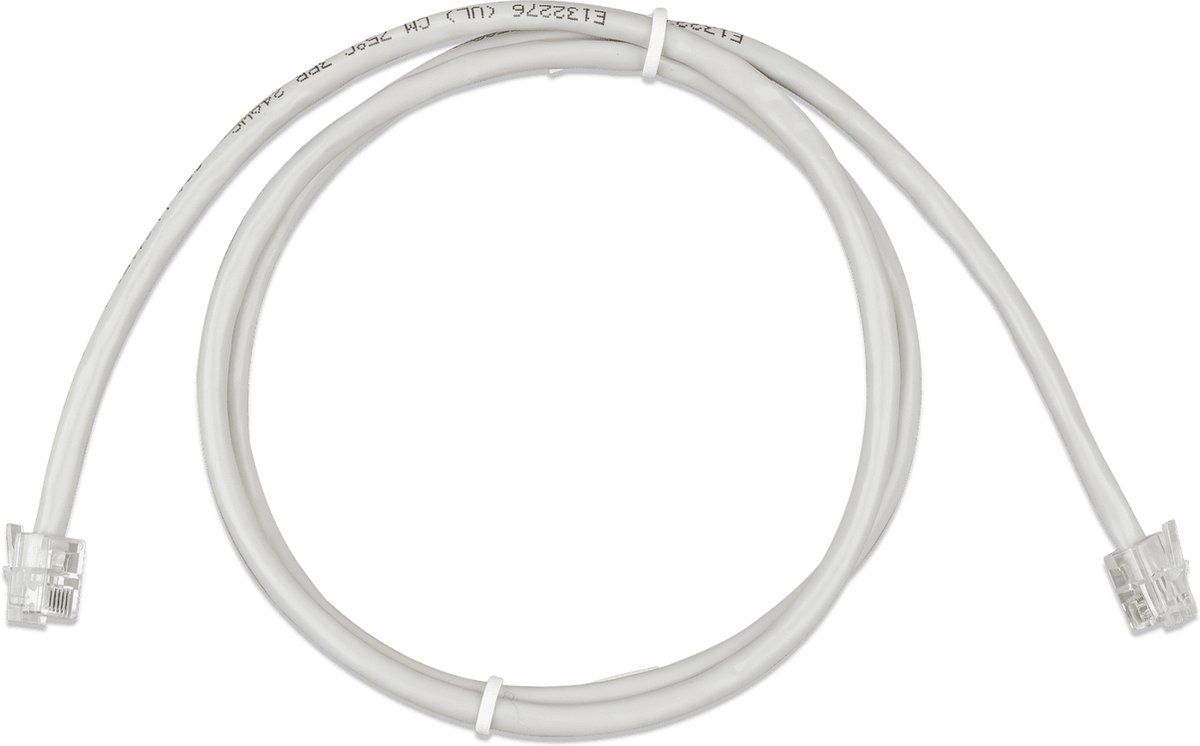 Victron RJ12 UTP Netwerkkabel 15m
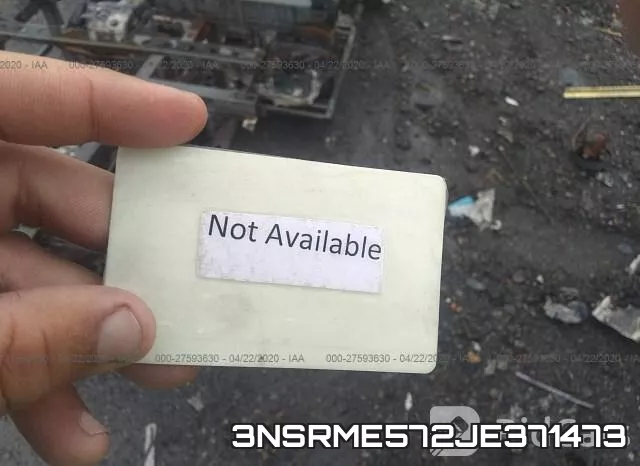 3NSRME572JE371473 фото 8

════════════════════

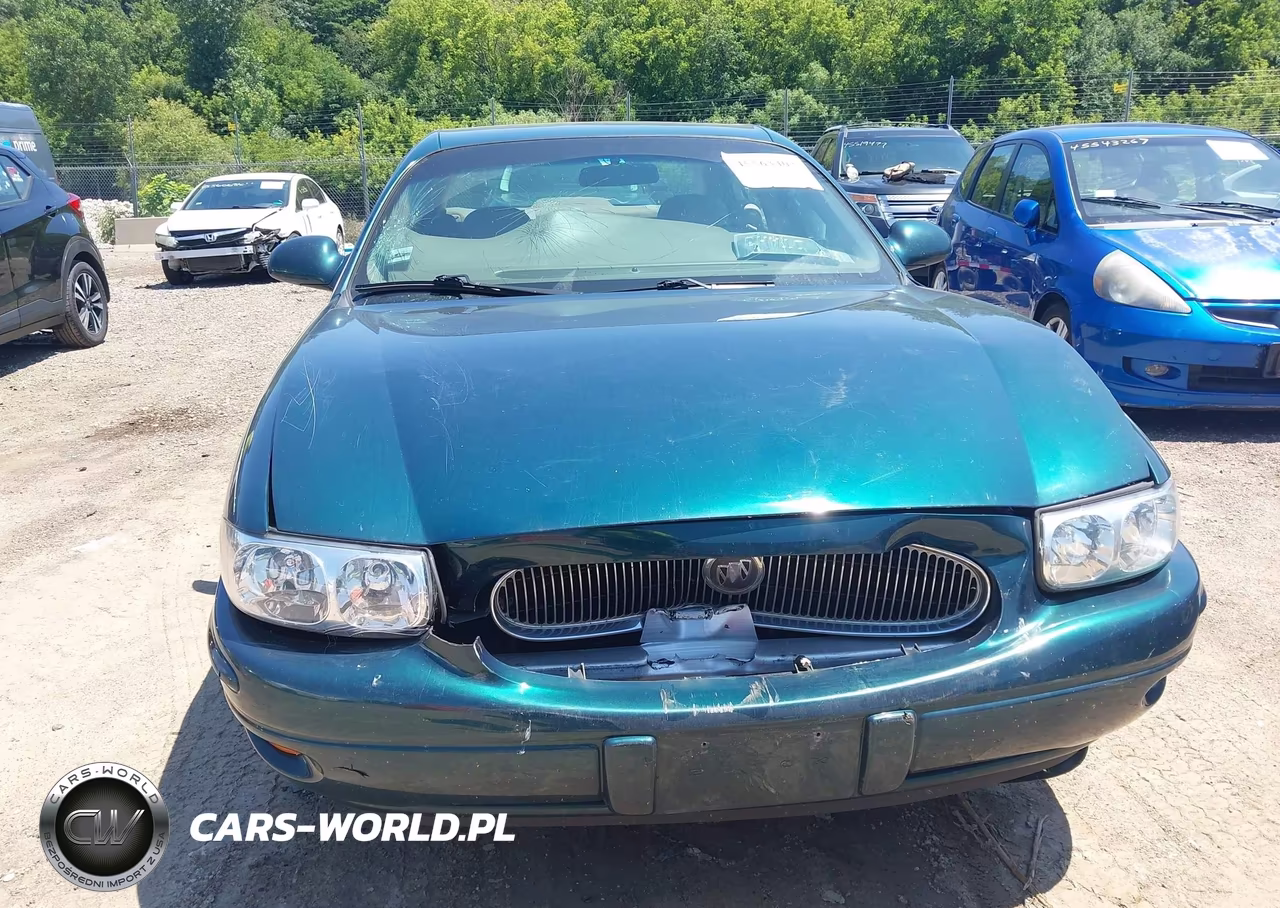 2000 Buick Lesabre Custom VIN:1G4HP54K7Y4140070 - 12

════════════════════

_WHAT YOU NEED TO DO_: Leaving pictures out, output the lines of the data above from the one with "Victron RJ12 UTP Netwerkkabel 15m" through the one with "3NSRME572JE371473 фото 8", word for word.

_SOLUTION FOR THIS TASK_:
 Victron RJ12 UTP Netwerkkabel 15m
 3NSRME572JE371473 фото 8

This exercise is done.